The Wretched of the Earth

The Wretched of the Earth Symbols, Allegory and Motifs

Rifle Butts and Napalm (Symbol)

In a passage early in The Wretched of the Earth, Fanon describes how the colonists originally maintain their power:

"In capitalist countries a multitude of sermonizers, counselors, and “confusion-mongers” intervene between the exploited and the authorities. In colonial regions, however, the proximity and frequent, direct intervention by the police and the military ensure the colonized are kept under close scrutiny, and contained by rifle butts and napalm." (4)

Here, “rifle butts and napalm” are a symbol of all the violence that colonists use. Guns and bombs aren’t the only way the colonists subjugate the colonized, but they are a powerful image of all the violence that intimidates and controls the colonized.

Sleeping Beauty (Allegory)

At the end of Chapter 1, Fanon talks about how the working classes in Europe must support the decolonizing effort:

"This colossal task, which consists of reintroducing man into the world, man in his totality, will be achieved with the crucial help of the European masses who would do well to confess that they have often rallied behind the position of our common masters on colonial issues.
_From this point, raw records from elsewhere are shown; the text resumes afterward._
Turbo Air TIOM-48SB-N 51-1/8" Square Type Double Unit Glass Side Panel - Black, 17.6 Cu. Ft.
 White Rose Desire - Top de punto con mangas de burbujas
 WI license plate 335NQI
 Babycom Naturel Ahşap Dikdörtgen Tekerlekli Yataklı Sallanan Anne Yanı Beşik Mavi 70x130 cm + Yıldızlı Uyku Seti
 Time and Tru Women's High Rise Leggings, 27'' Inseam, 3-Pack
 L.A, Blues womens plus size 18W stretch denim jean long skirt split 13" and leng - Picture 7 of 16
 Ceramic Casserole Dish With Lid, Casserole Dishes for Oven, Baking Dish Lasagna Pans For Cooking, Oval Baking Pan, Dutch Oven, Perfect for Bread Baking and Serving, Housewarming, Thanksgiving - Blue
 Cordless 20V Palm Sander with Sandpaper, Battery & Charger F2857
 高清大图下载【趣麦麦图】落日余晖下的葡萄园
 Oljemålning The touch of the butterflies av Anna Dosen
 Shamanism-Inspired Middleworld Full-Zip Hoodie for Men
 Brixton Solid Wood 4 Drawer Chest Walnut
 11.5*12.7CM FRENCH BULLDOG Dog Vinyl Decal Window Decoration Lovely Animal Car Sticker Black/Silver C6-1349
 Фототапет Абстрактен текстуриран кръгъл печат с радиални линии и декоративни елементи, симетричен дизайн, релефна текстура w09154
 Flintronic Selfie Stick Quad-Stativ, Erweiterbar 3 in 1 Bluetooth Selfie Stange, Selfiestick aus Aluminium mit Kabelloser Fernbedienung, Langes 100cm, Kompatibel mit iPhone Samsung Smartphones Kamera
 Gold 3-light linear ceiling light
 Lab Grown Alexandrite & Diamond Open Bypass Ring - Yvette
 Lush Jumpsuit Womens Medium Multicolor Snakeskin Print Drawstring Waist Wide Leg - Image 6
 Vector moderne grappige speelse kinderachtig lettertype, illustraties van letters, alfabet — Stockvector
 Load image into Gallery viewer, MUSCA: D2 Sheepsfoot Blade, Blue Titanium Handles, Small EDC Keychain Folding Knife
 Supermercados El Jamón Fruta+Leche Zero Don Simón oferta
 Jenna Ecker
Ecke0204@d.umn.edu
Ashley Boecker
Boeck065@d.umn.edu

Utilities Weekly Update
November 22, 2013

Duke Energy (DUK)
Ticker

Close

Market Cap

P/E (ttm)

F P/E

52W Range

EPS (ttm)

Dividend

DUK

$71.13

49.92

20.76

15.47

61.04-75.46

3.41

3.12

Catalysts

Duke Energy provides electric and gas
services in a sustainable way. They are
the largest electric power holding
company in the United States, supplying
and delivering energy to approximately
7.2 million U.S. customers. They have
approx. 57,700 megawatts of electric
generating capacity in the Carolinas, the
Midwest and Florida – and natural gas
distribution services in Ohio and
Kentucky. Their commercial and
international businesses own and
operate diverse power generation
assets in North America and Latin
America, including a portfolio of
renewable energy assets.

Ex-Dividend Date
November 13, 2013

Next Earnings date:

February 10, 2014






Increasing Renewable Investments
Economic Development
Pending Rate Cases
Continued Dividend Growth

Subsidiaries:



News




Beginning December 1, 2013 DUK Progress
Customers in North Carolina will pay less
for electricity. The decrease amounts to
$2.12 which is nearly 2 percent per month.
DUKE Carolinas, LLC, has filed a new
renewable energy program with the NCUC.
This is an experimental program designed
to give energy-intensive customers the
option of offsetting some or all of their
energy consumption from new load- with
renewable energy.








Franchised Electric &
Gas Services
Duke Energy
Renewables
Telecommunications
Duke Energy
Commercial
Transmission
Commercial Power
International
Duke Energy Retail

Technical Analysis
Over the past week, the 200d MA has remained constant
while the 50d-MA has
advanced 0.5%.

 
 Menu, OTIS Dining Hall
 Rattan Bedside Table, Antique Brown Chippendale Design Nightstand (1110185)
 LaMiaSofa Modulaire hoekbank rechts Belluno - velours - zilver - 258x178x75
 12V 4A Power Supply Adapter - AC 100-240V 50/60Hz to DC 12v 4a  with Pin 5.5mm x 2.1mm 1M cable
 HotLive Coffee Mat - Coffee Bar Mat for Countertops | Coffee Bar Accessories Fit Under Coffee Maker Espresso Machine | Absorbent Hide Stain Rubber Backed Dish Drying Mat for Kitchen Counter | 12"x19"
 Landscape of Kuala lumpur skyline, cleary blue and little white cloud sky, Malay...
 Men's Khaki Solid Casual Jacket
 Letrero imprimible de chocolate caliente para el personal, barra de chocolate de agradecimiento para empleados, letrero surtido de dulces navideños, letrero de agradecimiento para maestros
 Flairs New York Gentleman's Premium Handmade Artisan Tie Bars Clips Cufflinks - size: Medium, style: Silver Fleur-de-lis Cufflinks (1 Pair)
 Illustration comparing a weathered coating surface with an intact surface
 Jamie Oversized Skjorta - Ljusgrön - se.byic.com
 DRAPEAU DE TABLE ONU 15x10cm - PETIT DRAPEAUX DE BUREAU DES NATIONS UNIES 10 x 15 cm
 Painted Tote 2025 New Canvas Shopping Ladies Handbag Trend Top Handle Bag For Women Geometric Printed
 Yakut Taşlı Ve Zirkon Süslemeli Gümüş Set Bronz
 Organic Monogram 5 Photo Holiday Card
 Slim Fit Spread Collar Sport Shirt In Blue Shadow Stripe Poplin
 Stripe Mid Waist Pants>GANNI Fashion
In order to do this, the European masses must first of all decide to wake up, put on their thinking caps and stop playing the irresponsible game of Sleeping Beauty." (62)

This is an allegorical passage, because Fanon relates the working classes or “European masses” to Sleeping Beauty, from the fairy tale in which a princess is put under a sleeping spell and must be awoken by a prince. The spell the masses have been under is that of the “common masters”—the bourgeoisie in Europe. But the colonized of Africa are calling on them to wake up from their slumber and join the fight against a common enemy.

Manichaeism (Motif)

A figure that repeats through The Wretched of the Earth is Manichaeism, which was originally a religious movement named after the 3rd century Iranian prophet Mani. Mani had a dualistic view of the world as a struggle between discrete powers of lightness and darkness, good and evil. In colonialism, people are not actually Manichaean in a religious sense; they aren’t followers of Mani’s religious teachings. But Manichaeism symbolizes the colonial dualistic thinking that divides the world into white and black, good and evil, colonist and colonized. This is the recurring structure of colonial society. When the colonized fight back against colonialism, they reverse the hierarchy: now it is the colonist who is evil and must be eliminated.